Debbie and George Kinsella said it was "unjust and unfair" that the amount reportedly given to Michael Alleyne senior was double what they received after their son's death.
The couple were paid £10,000 after 16-year-old Ben was stabbed to death in June 2008 when a fight in a bar spilled out on to the streets in Islington, north London.
But yesterday the Sunday Mirror reported that Mr Alleyne, whose son Michael Alleyne junior was convicted of Ben's murder in 2009, had received £20,000 after he was injured in a police raid.
The newspaper said that Mr Alleyne senior was injured when officers searched the flat looking for his son, and his dog was also hurt.
Today, Ben's mother Debbie told ITV's This Morning that her family are "very angry, extremely upset. We feel let down, we've spent the weekend crying. We're just completely devastated".
Ben's father George said: "We would like to see a balance where each case is treated on equal terms. That money that we got just about paid for our son's funeral.
"Really, it's not about the money, it's about the principle of it all. It's not just our family, it's all the victims of knife crime and violent crime, and the law is so unjust and unfair."
The couple were told last summer that Mr Alleyne was taking legal action but said they did not believe it would be successful.

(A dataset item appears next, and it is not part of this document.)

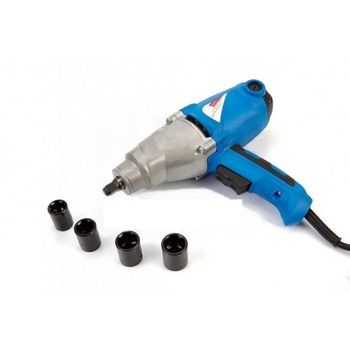 Pistol electric de impact insurubare/desurubare 1/2 Pistol electric de impact insurubare/desurubare 1/2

Mrs Kinsella said: "We were told about it and we just didn't think it would happen to be honest. We thought there wasn't a case to answer and it would be thrown out of court.
"It's like a slap in the face, we struggle every day. It was reported Mr Alleyne senior has nightmares: well what does he think we do? We're talking about murder, my son was murdered, and I feel that he's benefited from my son's murder."
Her husband added: "My heart is broken. Do I sue anybody for that? Can I sue anybody for that? I don't think so.
"There should be more help for the families of the victims of crime than there is at the moment."
A Metropolitan Police spokesman said "We are aware of the claim lodged in the High Court following an incident in N7 on August 30 2008.
"The claim was settled and a sum paid. We are not prepared to discuss further. We do not disclose the amounts of awards following civil claims."
Javed Khan, chief executive of Victim Support, said: "An award like this highlights the massive discrepancies for financial payouts for victims of crime and those who seek injury compensation through civil courts.
"It's not a like-for-like comparison but even so it's no surprise that victims can feel offended by big payouts in civil cases."